Can you confirm the result of this query:
Code:
SELECT COUNT(*) FROM xf_tag WHERE use_count > 0
Also can you confirm whether any add-ons are involved? Either were the tags imported from another add-on? Or are the tags themselves part of an add-on? e.g. is some of these repeated tags pointing to content that belongs to an add-on? It shouldn't matter, but worth checking.
 

dvsDave

Well-known member
#9
Sorry all, my 16 month old just pushed my laptop off the table and now the keyboard won't work (typing this on my cell). This has happened before and it's a known issue on my asus laptop, just have to open it up and reseat the keyboard connection.

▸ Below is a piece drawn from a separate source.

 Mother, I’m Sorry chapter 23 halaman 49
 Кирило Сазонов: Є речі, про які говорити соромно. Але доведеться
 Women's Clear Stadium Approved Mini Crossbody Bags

Will get the results of the query as soon as I can find the bizzare size torx driver I keep for just these occasions.
 

dvsDave

Well-known member
#10
Back up and running! The query returned 267

The biggest suspected culprit is VaultWiki. I just noticed a server error message:

Server Error Log
Error Info
ErrorException: Undefined index: user - vault/core/controller/ui/integrate/tag/xf.php:35
Generated By: Unknown Account, Today at 10:06 AM
Stack Trace
#0 /home/control/public_html/vault/core/controller/ui/integrate/tag/xf.php(35): XenForo_Application::handlePhpError(8, 'Undefined index...', '/home/control/p...', 35, Array)
#1 /home/control/public_html/vault/core/controller/ui/integrate/vw.php(242): vw_UI_Integrate_Tag_Controller_XF->get_stack(false)
#2 /home/control/public_html/vault/core/controller/ui/integrate/vw.php(66): vw_UI_Integrate_Controller->get_stack(false)
#3 /home/control/public_html/vault/core/controller/ui/integrate/vw.php(42): vw_UI_Integrate_Controller->setup()
#4 /home/control/public_html/library/vw/XenForo/CodeEventListener/Public.php(234): vw_UI_Integrate_Controller->integrate('<!DOCTYPE html>...')
#5 [internal function]: vw_XenForo_CodeEventListener_Public::front_controller_post_view(Object(XenForo_FrontController), '<!DOCTYPE html>...')
#6 /home/control/public_html/library/XenForo/CodeEvent.php(90): call_user_func_array(Array, Array)
#7 /home/control/public_html/library/XenForo/FrontController.php(183): XenForo_CodeEvent::fire('front_controlle...', Array)
#8 /home/control/public_html/index.php(13): XenForo_FrontController->run()
#9 {main}
Request State
array(3) {
["url"] => string(38) "http://www.controlbooth.com/tags/xl16/"
["_GET"] => array(0) {
}
["_POST"] => array(0) {
}
}
I've submitted a bug report to him: https://www.vaultwiki.org/issues/4443/

I also used to use cemzoo's sitemap generator(linked to discussion, since the resource has been pulled), but I disabled that after I upgraded to 1.5 (forgot to turn it off when I went to 1.4)
 

Chris D

XenForo developer
Staff member
#11
I'm intrigued what would happen if you did the following:
  • Disabled all add-ons
  • Disable all sitemap content types except Tags
  • Rebuild the sitemap manually from "Rebuild Caches" page
Theoretically, 267 tags would be completed in mere seconds. If it is completed quickly, without any add-ons enabled, then it might confirm that an add-on is responsible. Then you could keep trying it again with different add-ons enabled to confirm which is doing it.
 

dvsDave

Well-known member
#12
So, I disabled VaultWiki and ran the rebuild sitemap tool with only tags enabled and that took 2 seconds.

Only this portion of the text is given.